Similar cases have been scattered side notes in the medical literature, but recently a small body of researchers, such as Bruce Greyson, professor of psychiatry and neurobehavioral sciences at the University of Virginia, and Michael Nahm in Freiburg, Germany, have begun to take a careful look at the phenomenon and agreed to call it terminal lucidity, or TL. Professor Alexander Batthyany, who teaches cognitive science at the University of Vienna, is currently running a large-scale study on the phenomenon — the first of its kind. He is sending out detailed questionnaires to caregivers of Alzheimer’s victims, mostly nurses and medical doctors, and as the questionnaires trickle in, new mysteries arise as fast as older ones are clarified. The case cited above comes from Batthyany’s database.
Almost all brain scientists have assumed up until now that a severely-damaged brain makes normal cognition impossible. But Batthyany’s preliminary results, presented at the annual IANDS Congress in Newport, California, last month, suggests that normal cognition, or lucidity, does occur in spite of a severely-damaged brain — not often, but in about 5-10 percent of Alzheimer’s cases. And only when death is very near.
Make of it what you will. For me this points to a theory of a persistent soul existing alongside of, and submerged under whatever is going on with the brain. Again though, I am not making that claim for anyone else or the world in general. Only for my own spiritual world view.

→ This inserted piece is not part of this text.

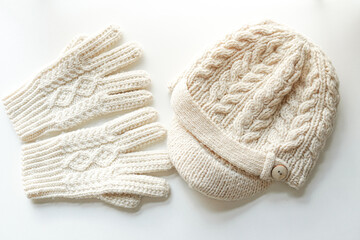 真っ白い毛糸で編まれたアラン模様の帽子と手袋　白背景　モックアップ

I was once visiting a relative in a nursing home, and one day this totally vegetative, slumped over woman I had seen many times, straightened up, opened her eyes, and gave a five minute speech about how beautiful the rest home was, and how beautiful all the souls were there, and how we could all meet each other on a spiritual level and be friends. An eloquent, beautiful speech, and darned if it didn't feel spiritual in a direct way, as if an messenger from God had taken over her body for a second to give us hope, and then disappeared.
You could feel goosebumps to hear this formerly mute, inert figure speak with such eloquence and authority, and when it was over, it was over, and she was gone, just a form in a wheelchair in a corner for all the rest of the days I went there.
This is the way of faith though, coming in an inspired moment, and then disappearing, impossible to share in any meaningful way, and too elusive to nail down in theory. Only there in your memory--yeah that really happened--and then gone.
When I hear accounts like this, in scientific journals or personal testimonies, I smile to myself, been there myself brother, just for a second, and then it is back to all the elements of what can be seen and can be heard and most importantly what can persist.